Start of Block

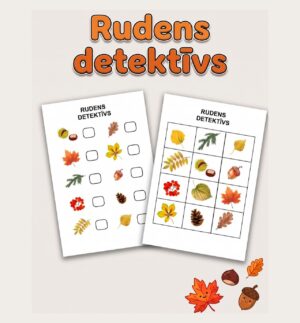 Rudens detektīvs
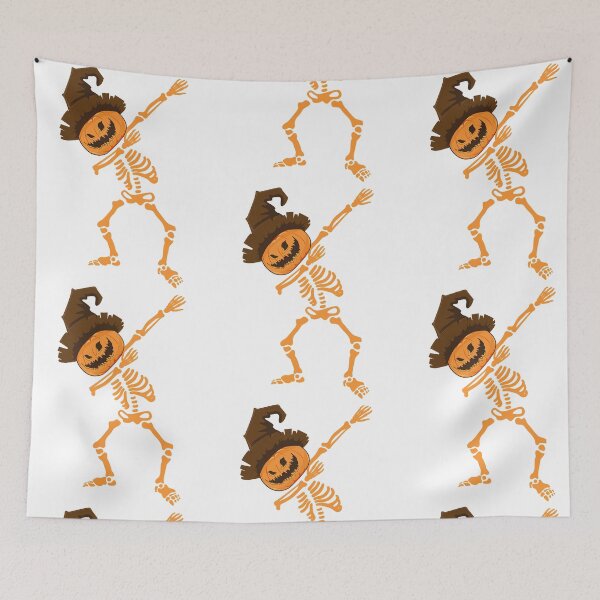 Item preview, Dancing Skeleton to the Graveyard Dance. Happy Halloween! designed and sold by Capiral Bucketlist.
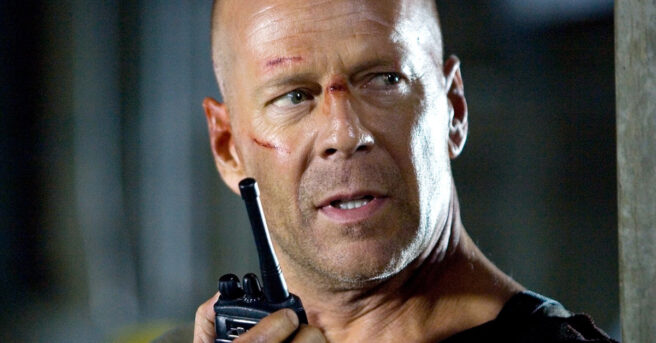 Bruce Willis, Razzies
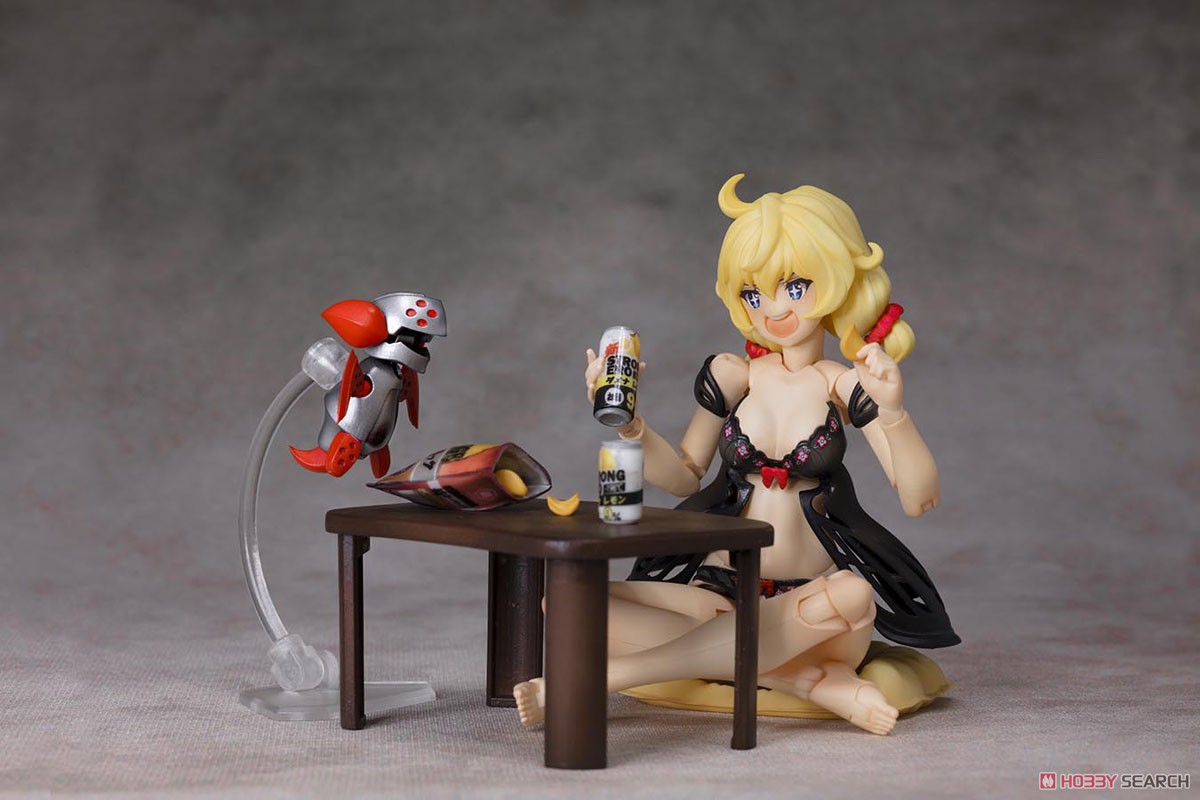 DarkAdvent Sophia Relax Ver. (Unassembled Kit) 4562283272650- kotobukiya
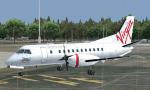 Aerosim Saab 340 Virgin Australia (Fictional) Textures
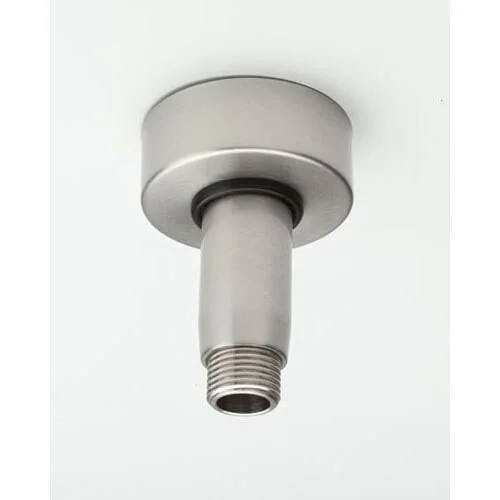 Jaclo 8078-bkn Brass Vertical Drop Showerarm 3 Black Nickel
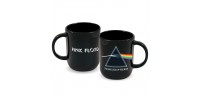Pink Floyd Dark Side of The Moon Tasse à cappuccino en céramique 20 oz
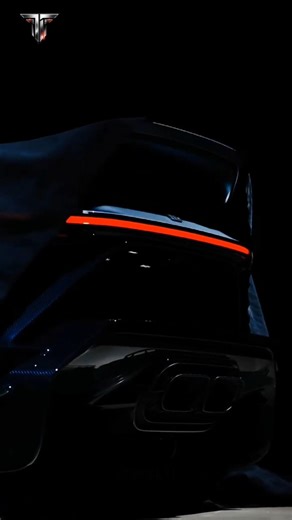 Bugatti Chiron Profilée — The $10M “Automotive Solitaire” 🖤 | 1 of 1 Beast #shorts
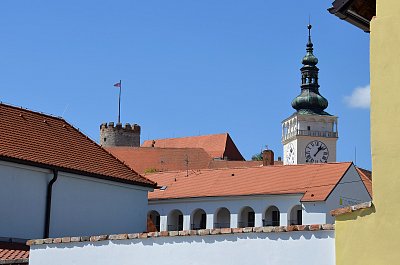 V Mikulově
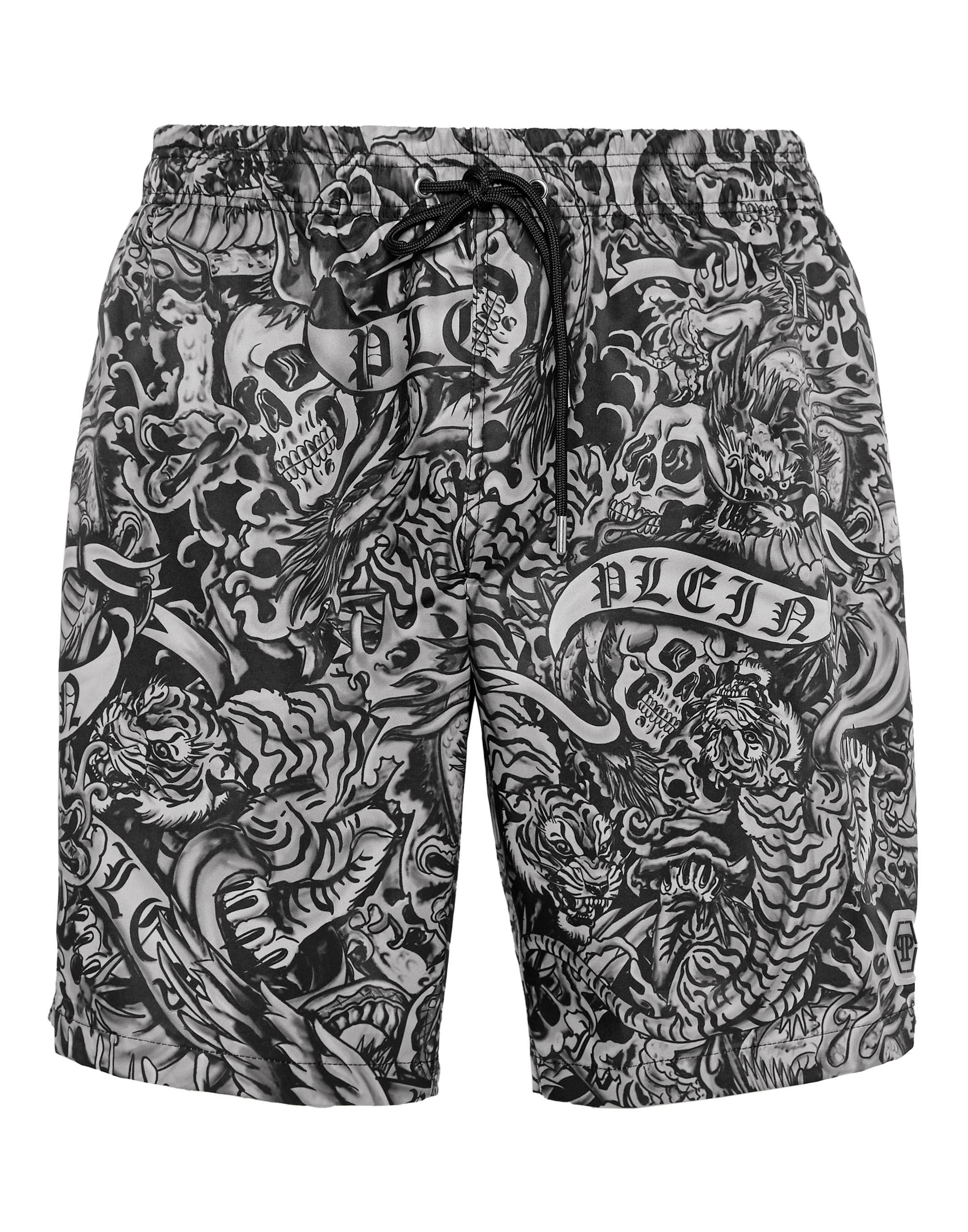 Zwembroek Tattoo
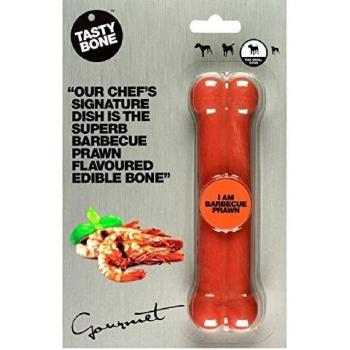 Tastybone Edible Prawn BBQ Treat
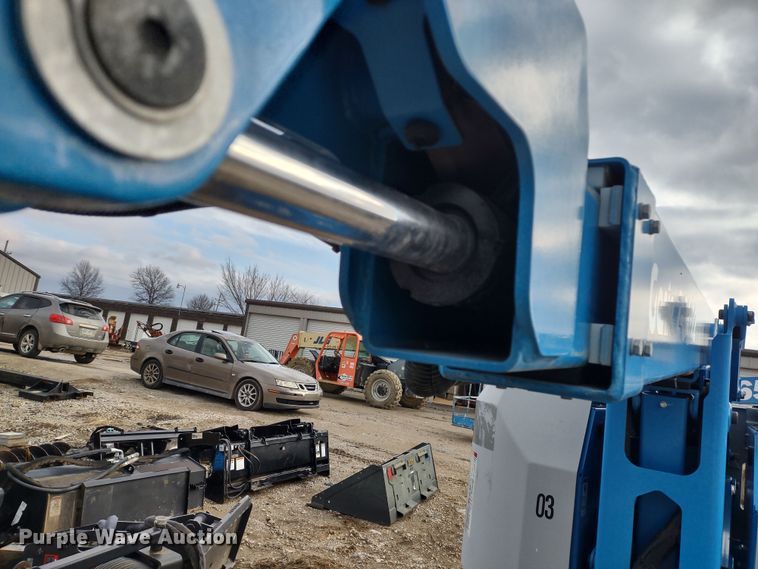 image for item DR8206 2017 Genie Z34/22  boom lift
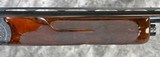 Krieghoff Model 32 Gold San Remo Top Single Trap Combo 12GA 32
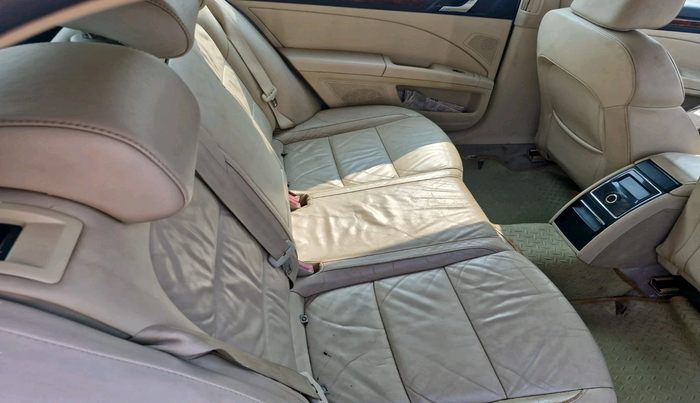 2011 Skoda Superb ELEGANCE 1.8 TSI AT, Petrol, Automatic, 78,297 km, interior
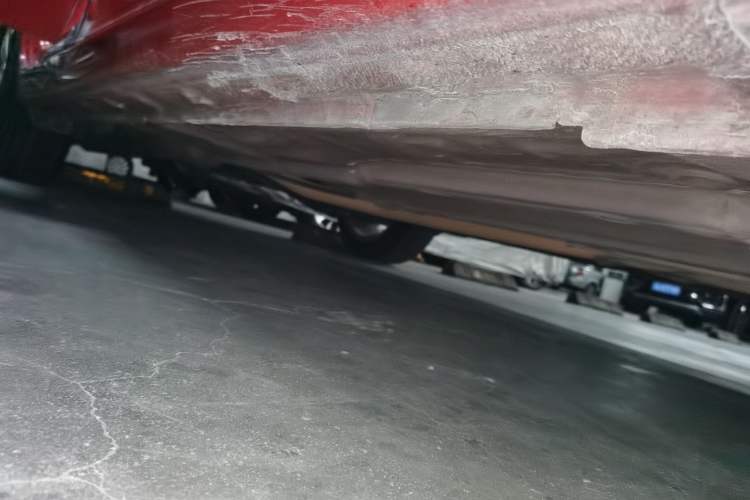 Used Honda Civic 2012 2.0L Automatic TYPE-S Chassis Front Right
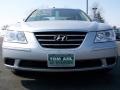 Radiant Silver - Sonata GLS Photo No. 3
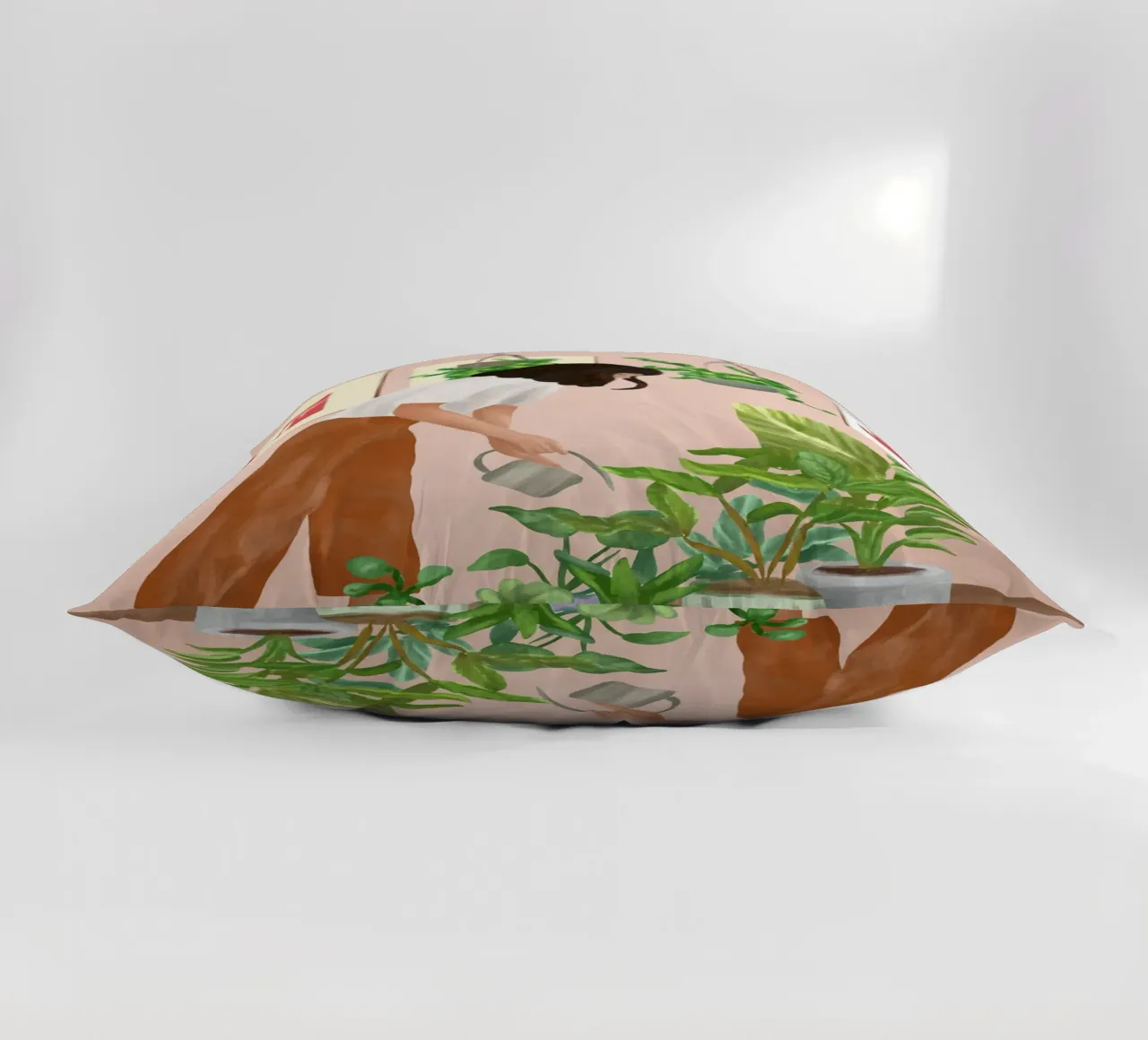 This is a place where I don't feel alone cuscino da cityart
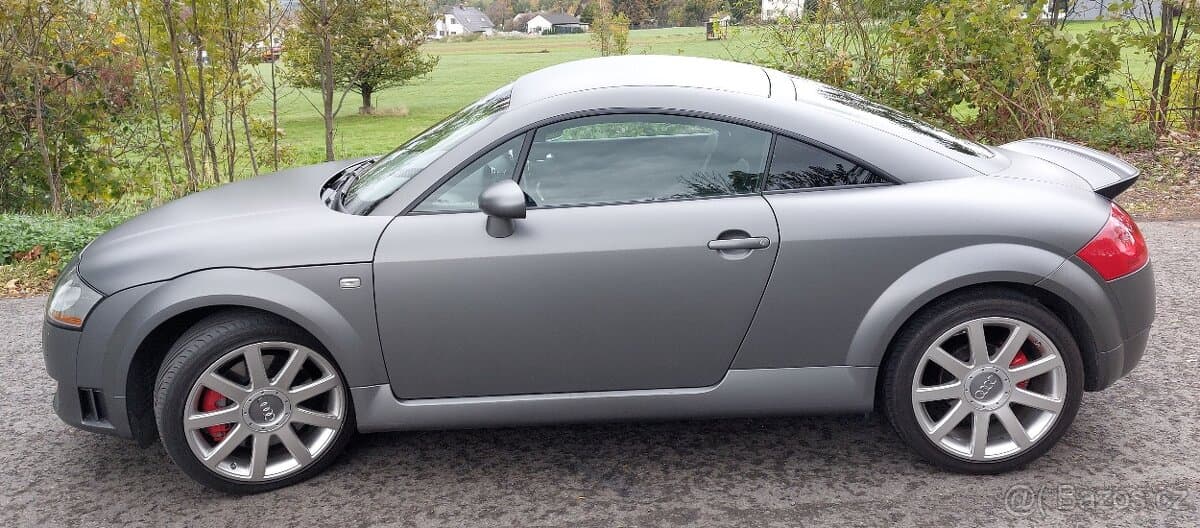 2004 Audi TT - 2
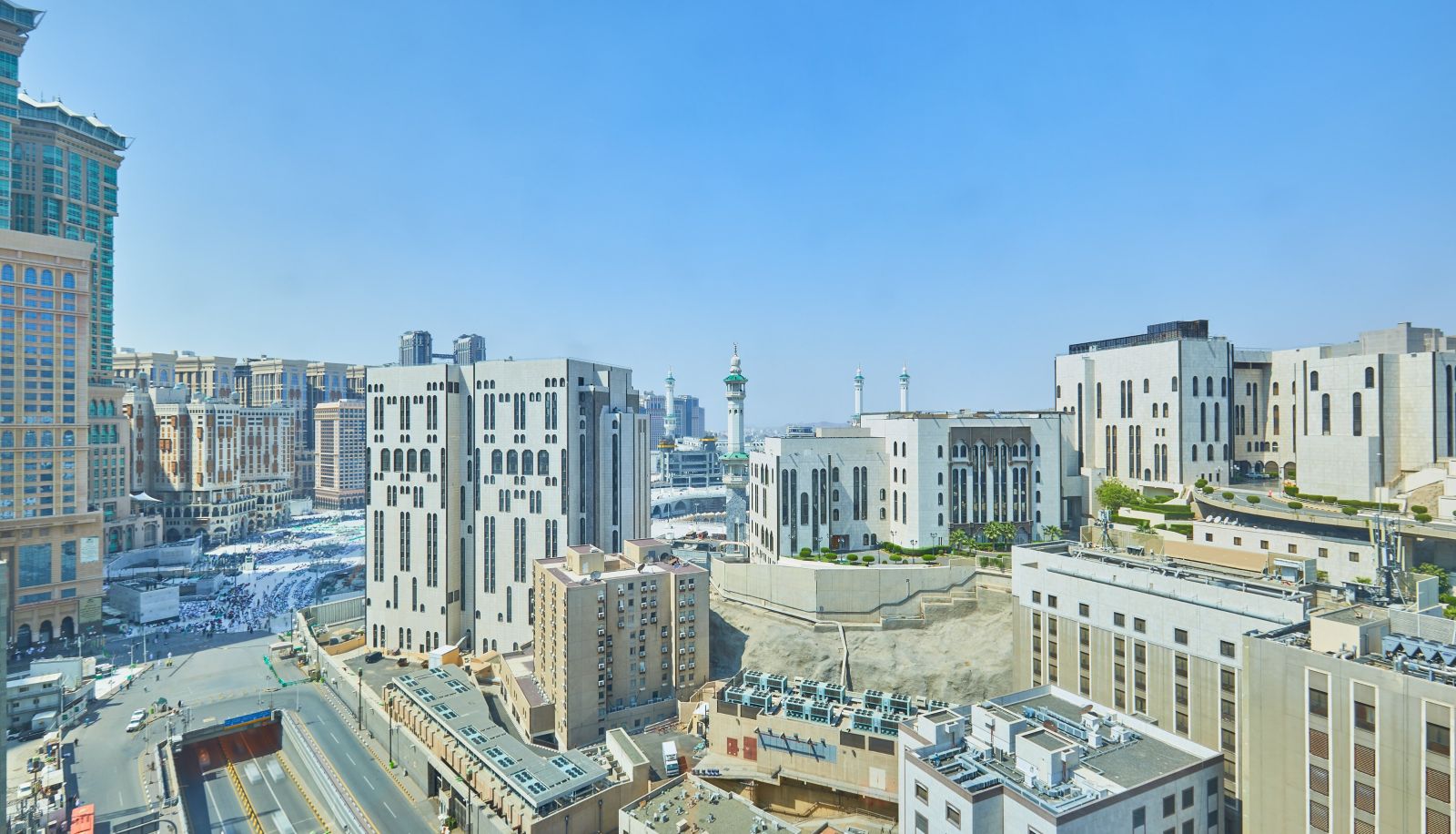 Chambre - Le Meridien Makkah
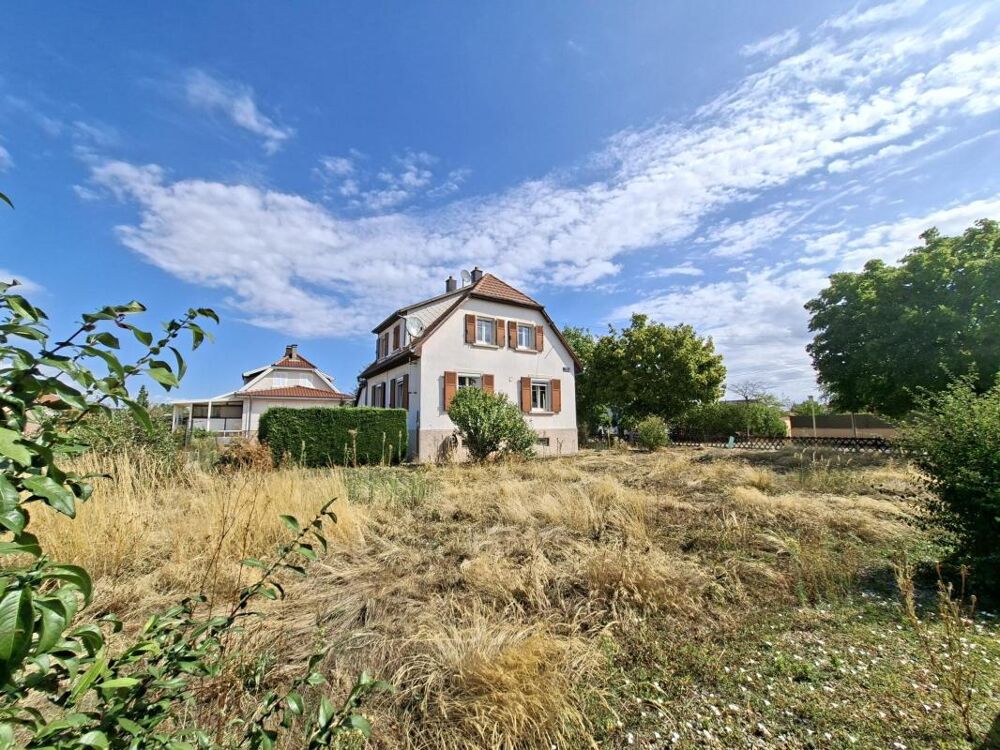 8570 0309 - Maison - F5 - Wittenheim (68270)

End of Block

Exercise:
Although the records hold pictures, the copy must not; give again exactly the lines from the one with "Item preview, Dancing" through the one with "Pink Floyd Dark".

Final answer:
 Item preview, Dancing Skeleton to the Graveyard Dance. Happy Halloween! designed and sold by Capiral Bucketlist.
 Bruce Willis, Razzies
 DarkAdvent Sophia Relax Ver. (Unassembled Kit) 4562283272650- kotobukiya
 Aerosim Saab 340 Virgin Australia (Fictional) Textures
 Jaclo 8078-bkn Brass Vertical Drop Showerarm 3 Black Nickel
Pink Floyd Dark Side of The Moon Tasse à cappuccino en céramique 20 oz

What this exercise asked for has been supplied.